For your particular problem, replace the 1 by 1 points with the bounding rectangles of your 2D shapes, loop over the rectangles, using quadtree->find( boundingRectangle )
to detect possible overlaps.
Performance
Because of the initial expense of building the quadtree, it only becomes worthwhile to use a quadtree if you have more than 100 objects. More than 1000 and the quadtree performance benefit becomes really significant. Performace details at https://github/JamesBremner/quadtree#performance-test
It's not exactly a sorting/clustering solution, but you can determine all the intersections in O((n log n) + output_size) time using a sweep-line algorithm.
First, separate each box into its top edge and bottom edge. Each edge will include its y coordinate and the interval in x that it spans.
Then, sort the edges by their y coordinates.
Now, iterate through the edges in y order, from top to bottom. If you have top and bottom edges with the same y coordinate, visit the bottom edges first. Now:
- When you see a top edge, insert its x-interval into an interval tree. At the same time you should check how many other intervals in the tree it overlaps with.
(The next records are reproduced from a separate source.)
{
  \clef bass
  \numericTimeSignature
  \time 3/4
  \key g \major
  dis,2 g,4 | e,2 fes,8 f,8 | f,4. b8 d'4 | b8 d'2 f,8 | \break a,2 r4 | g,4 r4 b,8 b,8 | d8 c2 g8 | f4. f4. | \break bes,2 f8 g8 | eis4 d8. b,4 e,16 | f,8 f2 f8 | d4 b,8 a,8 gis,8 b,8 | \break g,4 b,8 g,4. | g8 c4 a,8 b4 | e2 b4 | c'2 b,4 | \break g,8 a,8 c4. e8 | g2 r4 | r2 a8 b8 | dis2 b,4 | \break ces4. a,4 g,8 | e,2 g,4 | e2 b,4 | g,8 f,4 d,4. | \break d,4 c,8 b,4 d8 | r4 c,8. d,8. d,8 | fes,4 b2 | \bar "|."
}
There is a collision between the box that has the new top edge, and the boxes for all the overlapping intervals.
- When you see a bottom edge, remove the corresponding top edge from the interval tree.
When you're done, you will have found all the overlaps.
You can imagine the horizontal "sweep line" moving from top to bottom, and the interval tree always represents all the boxes it intersects. The overlaps that the line intersects can only change at top or bottom edges.
As suggested by 'micycle' the R-Tree is matching my needs. With one call I create the index:
index = Index(generator(shapes))
where generator
yields the bboxes of supplied shapes.
And then I can do the intersection queries like:
intersections = index.intersection(bbox)
Thats it. Its fast for my needs (maybe because of compiled implementation). Factor 4 compared to brute force. (I don't have too many shapes.)